A notícia do encontro do fóssil de Luzia foi antecipada pela Globonews na manhã desta sexta-feira e os detalhes foram confirmados durante a entrevista coletiva dos técnicos e direção da instituição.

Pesquisadores podem ter encontrado pedaço do fóssil de Luzia
Segundo os técnicos, foram encontradas parte do frontal ( testa e nariz), parte lateral, ossos que são mais resistentes e o fragmento de um fêmur que também pertencia ao fóssil e estava guardado. Uma parte da caixa onde o crânio de Luiza estava também foi recuperada.

Museu Nacional foi destruído por incêndio no domingo (3) — Foto: Reuters/Ricardo Moraes
“Estamos no momento do escoramento e já podemos recuperar algumas partes do acervo. Hoje é um dia feliz, conseguimos recuperar o crânio da Luzia, dano foi menor do que esperávamos. Os pedaços foram achados há alguns dias, eles sofreram alterações, danos, mas estamos muito otimistas com o achado e tudo que ele representa. Ele estava em um local preservado onde já ficava, que era um local estratégico. Ficava dentro de uma caixa de metal dentro de um armário”, disse Claudia Rodrigues uma das integrantes da equipe.
Encontrado em Minas Gerais na década de 1970, este seria o fóssil mais antigo das Américas. Este material foi o responsável por mudar a teoria da povoação do continente americano.
A busca pelo fóssil foi realizada a partir das obras emergenciais, que são realizadas há cerca de 1 mês.
Essas intervenções, que custam R$ 9 milhões, devem ser realizadas até fevereiro de 2019. Além de Luzia, outros objetos foram encontrados no local.

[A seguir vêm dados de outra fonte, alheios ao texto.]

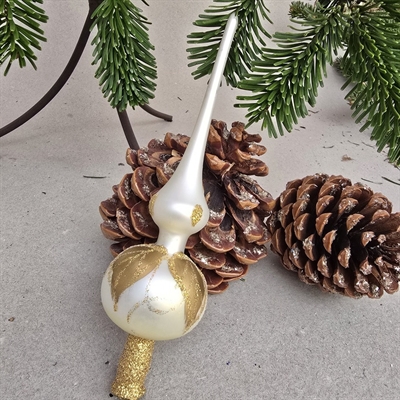 mat-hvid-guld-glimmer-dekoration-glas-topspir-gammel-glasjulepynt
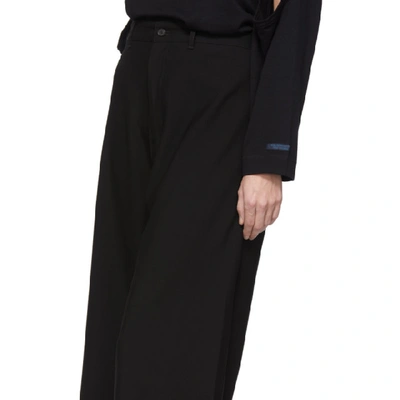 Shop Regulation Yohji Yamamoto Black Wool R-waist Tub Trousers In 1 Black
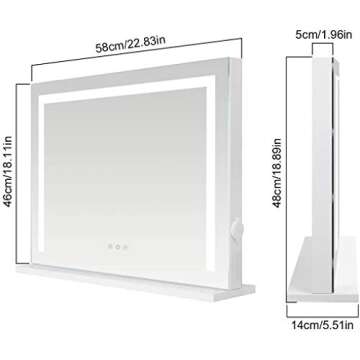 WAYKING Vanity Mirror with Lights, Makeup Mirror with Dimmiable 3 Lighting Modes LED Strip, Wall-Mounted and Tabletop Mirror with USB Charging Port (L22.83 x H17.32 inch)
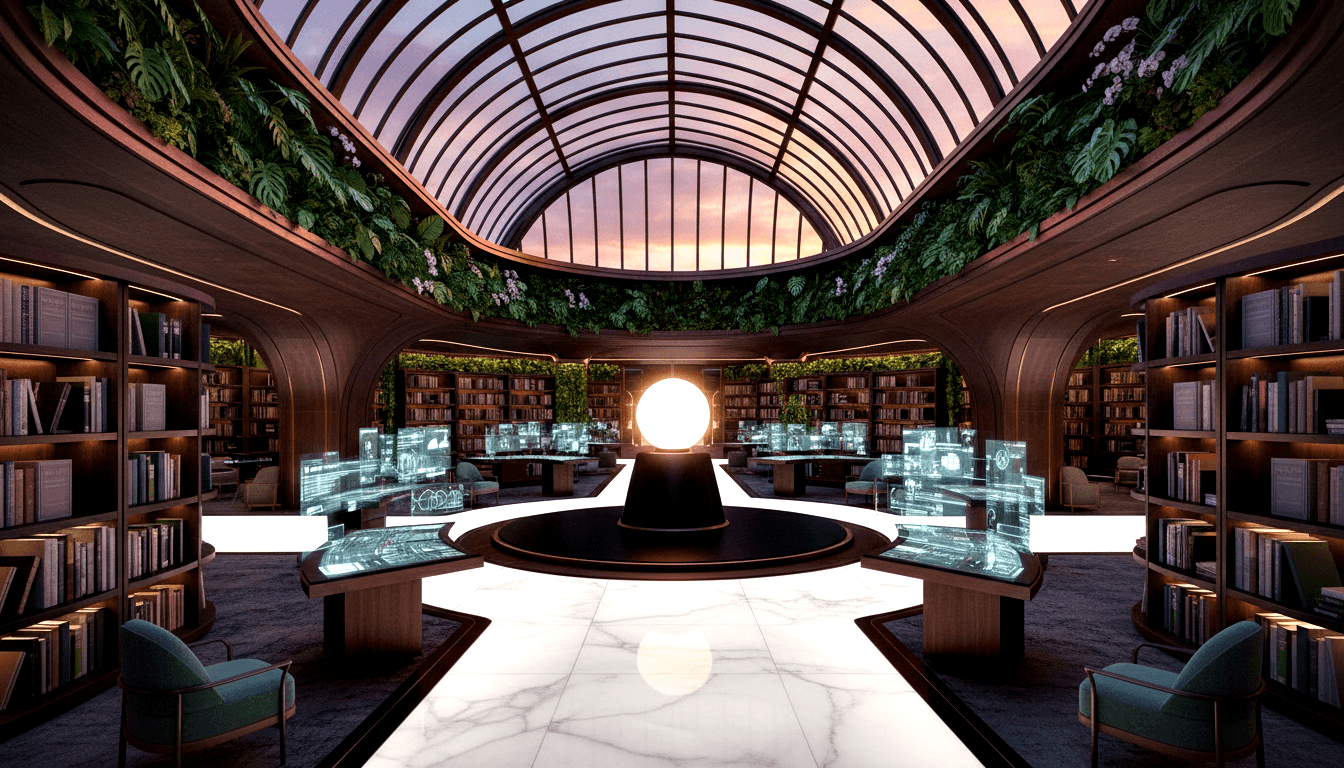 CGI elliptical library: curved wood bookshelves, cyan holographic panels, teal armchairs, glowing orb centerpiece, glass skylight above.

Reconstituição do fóssil de Luzia feita por computador — Foto: Reprodução/TV Globo
O Museu Nacional deverá retomar suas atividades 45 dias depois do incêndio que destruiu sua sede. A Secretaria do Patrimônio da União (SPU), do Ministério do Planejamento, Desenvolvimento e Gestão, vai ceder uma área da União para abrigar laboratórios de pesquisa e centro de visitação para estudantes.
O Museu Nacional foi destruído por um incêndio em 2 de setembro passado. A Polícia Federal investiga o caso.
O terreno localizado em São Cristóvão, na Zona Norte da cidade, tem 49,3 mil metros quadrados e fica a cerca de um quilômetro da sede do museu. A área será dividida com o Tribunal de Justiça do RJ (TJRJ) que ficará com 10 mil metros quadrados.
Esta semana, o diretor do Museu Nacional, Alexander Kellner, esteve em Brasília para um encontro com deputados federais do Rio de Janeiro. No encontro, ele pediu que fossem destinados cerca de R$ 50 milhões em emendas parlamentares para a reconstrução do prédio.
Kellner explicou que a solicitação de R$ 56 milhões são só para a fachada e que a estimativa dele para a recuperação total do museu é de R$ 300 milhões.
“Os R$ 56 milhões que pedi são apenas para recuperar a fachada, uma das principais partes históricas”, disse durante a entrevista nesta sexta no Rio.